• What to do
One figure is the expected answer: how many lines in the listing contain "cartoon".
# # #
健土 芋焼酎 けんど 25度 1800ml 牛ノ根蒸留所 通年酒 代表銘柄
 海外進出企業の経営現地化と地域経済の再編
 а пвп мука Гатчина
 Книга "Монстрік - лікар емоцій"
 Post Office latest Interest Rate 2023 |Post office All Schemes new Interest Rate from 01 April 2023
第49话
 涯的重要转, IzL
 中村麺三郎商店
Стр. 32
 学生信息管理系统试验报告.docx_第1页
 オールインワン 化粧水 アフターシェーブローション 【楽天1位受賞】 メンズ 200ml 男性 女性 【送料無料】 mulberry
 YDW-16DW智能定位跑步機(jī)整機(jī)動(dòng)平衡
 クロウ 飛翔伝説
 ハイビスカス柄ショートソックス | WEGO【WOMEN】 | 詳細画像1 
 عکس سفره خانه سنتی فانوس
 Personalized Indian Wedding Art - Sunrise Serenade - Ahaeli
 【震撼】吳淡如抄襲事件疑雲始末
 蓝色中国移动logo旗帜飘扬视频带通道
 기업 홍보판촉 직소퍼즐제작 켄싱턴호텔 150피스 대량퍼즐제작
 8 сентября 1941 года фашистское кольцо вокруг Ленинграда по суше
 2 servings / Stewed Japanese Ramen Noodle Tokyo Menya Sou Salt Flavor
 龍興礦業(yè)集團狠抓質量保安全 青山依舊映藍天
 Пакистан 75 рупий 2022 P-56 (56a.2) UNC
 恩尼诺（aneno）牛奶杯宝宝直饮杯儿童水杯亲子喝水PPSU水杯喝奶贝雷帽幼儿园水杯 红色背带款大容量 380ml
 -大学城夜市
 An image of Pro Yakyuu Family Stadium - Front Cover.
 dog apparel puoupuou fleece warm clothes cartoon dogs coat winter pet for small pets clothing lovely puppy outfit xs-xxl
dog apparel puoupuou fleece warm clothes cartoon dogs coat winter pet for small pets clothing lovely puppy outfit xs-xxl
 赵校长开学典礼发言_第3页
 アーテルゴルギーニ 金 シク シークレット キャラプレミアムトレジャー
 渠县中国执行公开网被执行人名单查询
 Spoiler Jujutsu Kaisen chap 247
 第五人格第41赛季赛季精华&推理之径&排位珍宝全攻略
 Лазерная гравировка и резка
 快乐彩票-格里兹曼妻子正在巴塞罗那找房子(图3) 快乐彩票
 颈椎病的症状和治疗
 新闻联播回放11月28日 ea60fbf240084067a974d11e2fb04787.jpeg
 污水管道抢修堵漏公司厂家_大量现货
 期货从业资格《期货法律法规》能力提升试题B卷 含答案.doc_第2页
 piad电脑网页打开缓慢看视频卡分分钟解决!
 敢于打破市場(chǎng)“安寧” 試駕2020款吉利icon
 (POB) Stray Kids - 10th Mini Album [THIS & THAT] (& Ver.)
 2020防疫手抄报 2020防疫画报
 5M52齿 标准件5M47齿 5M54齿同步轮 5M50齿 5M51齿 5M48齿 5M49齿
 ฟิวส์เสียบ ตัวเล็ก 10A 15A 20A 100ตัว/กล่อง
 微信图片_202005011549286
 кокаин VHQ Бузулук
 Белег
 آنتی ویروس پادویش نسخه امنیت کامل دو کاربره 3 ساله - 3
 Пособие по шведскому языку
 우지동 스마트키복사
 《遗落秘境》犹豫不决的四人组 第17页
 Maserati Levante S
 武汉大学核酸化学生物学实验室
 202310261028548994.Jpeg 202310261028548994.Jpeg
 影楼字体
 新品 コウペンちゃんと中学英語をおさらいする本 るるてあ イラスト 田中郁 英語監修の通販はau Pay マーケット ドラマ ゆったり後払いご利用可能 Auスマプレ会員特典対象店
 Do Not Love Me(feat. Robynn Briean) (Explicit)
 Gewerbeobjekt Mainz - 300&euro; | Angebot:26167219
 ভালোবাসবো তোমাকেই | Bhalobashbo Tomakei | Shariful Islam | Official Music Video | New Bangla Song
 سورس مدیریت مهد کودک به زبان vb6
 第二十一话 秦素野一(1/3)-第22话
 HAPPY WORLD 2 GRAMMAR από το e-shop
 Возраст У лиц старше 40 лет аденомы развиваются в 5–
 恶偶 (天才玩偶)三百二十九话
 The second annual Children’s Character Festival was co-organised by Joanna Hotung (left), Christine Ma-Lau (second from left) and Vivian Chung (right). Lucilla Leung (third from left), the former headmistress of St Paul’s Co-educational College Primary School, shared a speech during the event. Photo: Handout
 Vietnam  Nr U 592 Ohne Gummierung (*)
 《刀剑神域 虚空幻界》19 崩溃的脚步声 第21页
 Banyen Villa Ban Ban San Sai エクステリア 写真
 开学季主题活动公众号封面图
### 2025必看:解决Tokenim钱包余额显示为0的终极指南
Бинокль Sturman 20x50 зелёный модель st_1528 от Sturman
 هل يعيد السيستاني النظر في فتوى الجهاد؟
# # #
• Response to this task
2